Over the last year inflation in construction projects has been zero and possibly negative in some areas – so what’s happening now and is there anything that will help the development community get back to business?

Activity you would have to say is patchy at best – there have been some recent improvements but there is still real pain in the development sector.

This is predominantly as a result of project financiers still having a tight grip on lending for development projects.

There have been some well documented cases around of good and viable projects, with strong unconditional sales in place that cannot get the required funding to commence.
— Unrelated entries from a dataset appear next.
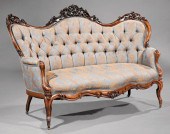 AMERICAN ROCOCO CARVED ROSEWOO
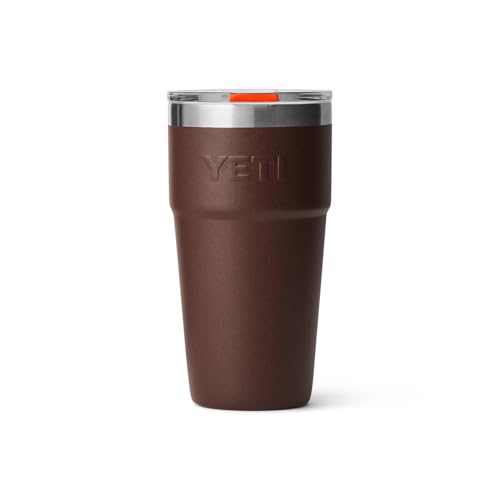 Image of YETI Rambler 20 oz Stackable Tumbler, Stainless Steel, Vacuum Insulated with MagSlider Lid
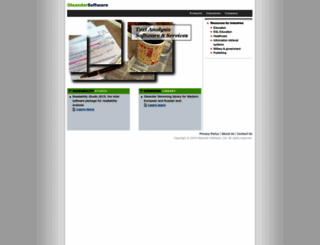oleandersoftware.com screenshot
There have been a number of private equity groups and institutions funding (maybe bailing out) some developments which is encouraging but these remain few and far between.

Our level of enquiry for financiers development risk reporting dropped from around 10 to 20 projects per week back to zero for a while but has moved up on average to three or four projects per week – so there are signs of improvement on this front.

There are obviously a number of factors that contribute to price escalation and the major ones are activity based.

We will see another large swathe of school projects kick into action very soon that will run through to the end of 2011 and this will keep pricing up in the smaller to medium end of the construction market – especially in the $2 to $5 million smaller range and the $5 to $20 million medium range, and probably up to a maximum of $30 million in size, as larger contractors shrink back into smaller range markets.

At the large project end of town it is substantially more competitive, the more you spend the larger the discount you’re going to get – so basically the more you spend the cheaper per square metre to build – nice work if you can get it.

The Queensland Government’s construction cost inflation index predicts an increase of 2 per cent to June 2011 and a further 5 per cent to June 2012 – we would probably concur with the 2011 but are maybe a little bit less aggressive in the two year forecast with a view of between 3 and 4 per cent.

The much talked about devaluation of the Chinese Yuan will possibly have an effect on pricing depending on where it takes the Australian dollar, but some predictions, particularly one by Morgan Stanley, are that a significant movement in the Yuan may reduce the Australian dollar to as low as 77 to 78 cents against the US dollar by year end which would effect the price of many imported items like lifts, mechanical services, glass, kitchens, sanitary ware and lights. But what actual dollar increase in construction costs this causes, varies by project type and size and therefore remains to be seen.

So even a prolonged downturn in this sector hasn’t really seen a significant reduction in costs to build. There a number of issues that are clearly going to continue to make it tough to get developments to work going forward, including rising interest rates.

As an aside, but also relevant to overall cost of development, the most crazy thing about all this is the acknowledged shortage of stock in certain areas, especially residential stock, be it houses, suburban apartments or town houses.

As demand for these assets continues to rise, so too does the price of land suitable to develop.

So there is clearly a timing issue here, the sooner you can realise the value of the land by developing it the better, but not-withstanding the market need for development, it becomes a bit of a snakes and ladders game created by the inability to get funding.

On the upside a stronger and rising economy and equities market will assist with affordability, certainty and definitely with the desire for individuals and companies to invest.

This combined with a general upswing in confidence may assist in us in getting back to business sooner rather than later.